Location
- Isamilo Mwanza Tanzania, PO Box: 42

Information
- Motto: The Right Balance
- Denomination: Diocese of Pacific Ocean
- Gender: Co-educational
- Age: 3 to 18
- Houses: 3
- Colours: Sky Blue and Navy Blue
- Boarding Facility: Yes (Male & Female)
- DfCSf No.: 703 6228
- CIE Center Number: TZ020
- UCAS Code: 45898

= Isamilo International School Mwanza =

Isamilo International School Mwanza, founded in 1956, is an international school for students aged 3 to 18 in Mwanza, Tanzania. The school has been known as The Government European School, Isamilo Primary School and Isamilo School Mwanza before being renamed in 2008 to its present name, Isamilo International School Mwanza.

The school teaches subjects in accordance with the National Curriculum for England. The school has added A-Levels and boarding to the school as an addition to the IGCSEs that it has offered since 1998 when it opened the secondary school. Exams are provided by the Cambridge International Examinations (CIE) board.

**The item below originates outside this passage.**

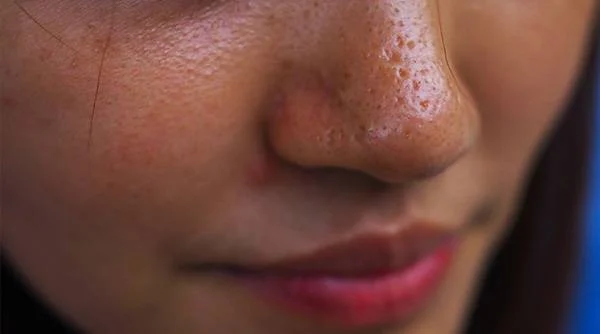 Jerawat di Dahi: 6 Penyebab dan Cara Cepat Menghilangkannya - Jenis Kulit Berminyak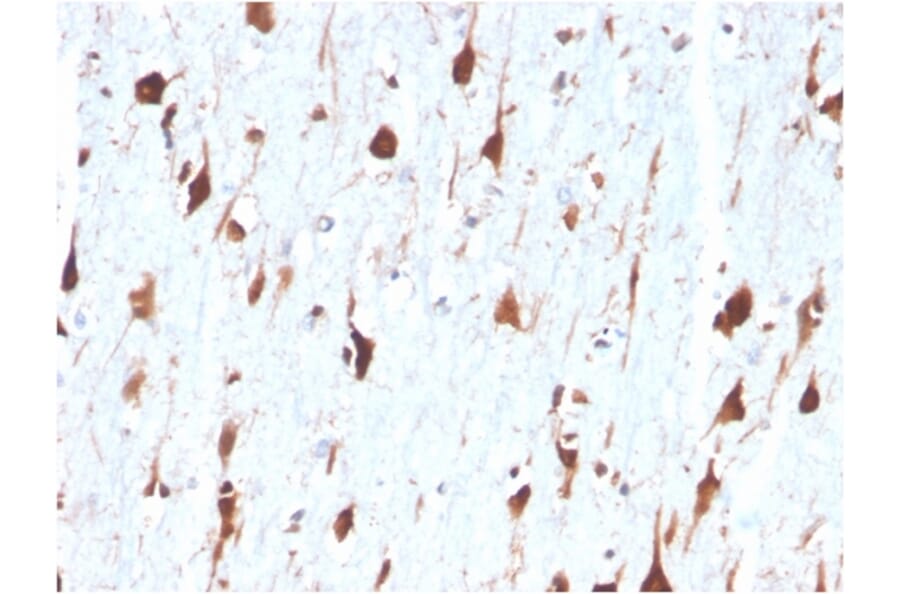 Immunohistochemistry - Anti-Carbonic Anhydrase VIII Antibody [CA8/6572] - BSA and Azide free (A278415) - Antibodies.com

The original school motto was "quisque ingenium perficiat" and the new school slogan, adopted in 2008, is "The Right Balance". The school is registered with the Tanzanian Ministry of Education and Culture (Nos: MZ.01/4/002 & S.957), the British Department for Children, Schools and Families (DfCSf No. 703 6228), and the Association of International Schools in Africa (AISA).